European Union leaders capped a third year of debt-crisis management with Greece obtaining fresh financial aid, a euro bank regulator taking shape and Germany and France sparring over what to do next.
German Chancellor Angela Merkel and French President Francois Hollande, stewards of the euro area's top two economies, promoted conflicting visions of how to revamp the currency bloc once the fiscal crisis subsides.
“Are there countries in the euro zone that don't want more transfers? Yes, there are some,” Hollande told reporters after a Brussels summit, the 22nd since Greece's debt burst onto the agenda in early 2010. “We can't just be constrained by countries that don't want to go further.”
Progress in stabilizing Greece and calming bond markets lifted expectations that Europe is going beyond stopgap policy making, often at all-night negotiating sessions, to put a truly fail-safe system into place.
It took two nocturnes to chart the next steps, starting with an accord by finance ministers at 4:30 a.m. yesterday to make the European Central Bank the hub of bank supervision by March 2014 for the 17 countries using the euro. By noon, a deal was forged to release 49.1 billion euros ($64.3 billion) for Greece, followed by the leaders' future-of-Europe deliberations until 2 a.m. today.
The euro traded at $1.3075 at 2:15 p.m. Brussels time, barely changed from $1.2960 at the start of 2012. During the year it never fell below its January 1999 debut rate of $1.1668, a sign that for all the turmoil, investors felt the currency's survival was never in jeopardy.
Financial-market tensions have abated, thanks mainly to a pledge by the ECB, first made in late July and yet to be acted on, to put a floor under the bond markets of vulnerable countries such as Spain or Italy.
“It is still possible that an accident will precipitate the collapse of the euro zone,” the Washington-based Brookings Institution said in a report this week. “What this narrative misses, however, is the other important part of the story — how European leaders, at the same time as they are battling difficult economic conditions, are slowly building more solid foundations for the euro zone.”
Euro Road Map
Accords on bank supervision and Greece's next disbursement left the leaders to focus on a “road map” for turning the euro zone into a “genuine” economic union over the next 5 to 10 years, with models such as the federal systems in the U.S. and Switzerland.
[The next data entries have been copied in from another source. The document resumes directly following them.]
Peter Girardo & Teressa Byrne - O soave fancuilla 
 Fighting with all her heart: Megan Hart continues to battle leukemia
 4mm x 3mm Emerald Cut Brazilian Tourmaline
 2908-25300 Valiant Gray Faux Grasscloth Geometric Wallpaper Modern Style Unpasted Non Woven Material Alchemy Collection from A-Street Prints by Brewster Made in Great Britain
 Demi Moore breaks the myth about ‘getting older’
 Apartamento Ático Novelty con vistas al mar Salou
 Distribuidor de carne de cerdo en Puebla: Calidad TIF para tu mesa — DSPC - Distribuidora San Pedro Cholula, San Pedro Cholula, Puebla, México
With Germany heading for elections in September 2013, Merkel, Europe's dominant policy maker, ruled out adding to the burden on her voters, the main underwriters of 486 billion euros in rescue loans granted since 2010.
A strategy under discussion to handle failing banks “may not be at the cost of the taxpayers but has to be structured so that those responsible for the failure of the banks carry the burden,” Merkel said.
A half year of brainstorming over the euro's future tilted further in Germany's direction, with any thought of the joint issuance of new debts or redemption of old ones banished from the road map put together by EU President Herman Van Rompuy.
Luxembourg Prime Minister Jean-Claude Juncker, who contributed to the road map, said he was “quite dissatisfied” that its bolder recommendations were dropped.
Even a less ambitious proposal for euro countries to pay into a common fund to offset economic shocks was too much for Germany. Only a “limited” pool of “around 10 or 15 or 20 billion euros” will be made available for countries that sign economic-reform contracts, Merkel said.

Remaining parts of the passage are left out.